Douglas College is the largest public degree-granting college institution in British Columbia, Canada. Close to 17,000 credit students, 8,500 continuing education students and 4,210 international students are enrolled here. Douglas College offers bachelor's degrees and general university arts and science courses, as well as career programs in health care, human services, business and the creative arts.

History
Founded in 1970, the college is named after the former Governor of British Columbia, Sir James Douglas. In 1981, Kwantlen College split off from Douglas College.

Coat of Arms 
Douglas College's coat of arms was revealed to the public on January 21, 2020. The emblem was designed by Coast Salish artist Carrielynn Victor for the college's 50th anniversary. The emblem was the first to be completely designed by an Indigenous artist in Canada's history. The heart in the middle of the emblem is a reference to the college's motto, "Do what you love." The crown on top of it is made of cedar, which is a wood material that is local to the area. There is a raven on top of the crest, meant to signify cleverness as the bird represents. There are also two Douglas fir trees surrounding the raven which are meant to signify a relation to the college's name. In the Coast Salish language, below the shield, are the words "Excellence, Knowledge, Passion". The reference to the Indigenous language is a recognition that the college operates on a First Nations territory.

Campuses
The college has two major campuses in Metro Vancouver – one in New Westminster (Royal Avenue and Anvil Tower) and one in Coquitlam.
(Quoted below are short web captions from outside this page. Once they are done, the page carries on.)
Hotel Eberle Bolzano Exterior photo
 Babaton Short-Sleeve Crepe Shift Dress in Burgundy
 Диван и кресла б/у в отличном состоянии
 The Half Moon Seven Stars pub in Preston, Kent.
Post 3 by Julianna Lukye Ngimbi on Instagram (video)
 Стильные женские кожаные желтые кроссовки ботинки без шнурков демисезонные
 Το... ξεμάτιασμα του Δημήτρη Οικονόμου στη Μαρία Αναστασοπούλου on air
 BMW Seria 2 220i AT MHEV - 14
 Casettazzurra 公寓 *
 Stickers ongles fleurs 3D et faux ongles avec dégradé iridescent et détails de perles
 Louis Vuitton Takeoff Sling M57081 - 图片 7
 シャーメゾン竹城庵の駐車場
The college also has a smaller Training Centre campus in Surrey.

Programs
Douglas offers bachelor's degrees, associated degrees, and various programs, certifications and diplomas.

International education
Each year, more than 4,000 international students from 92 countries take for-credit courses at Douglas College, accounting for roughly 18 percent of the student population.

Media
The student newspaper, The Other Press, has been in print since 1976, making it one of British Columbia's oldest continuously run student publications. It is a member of Canadian University Press.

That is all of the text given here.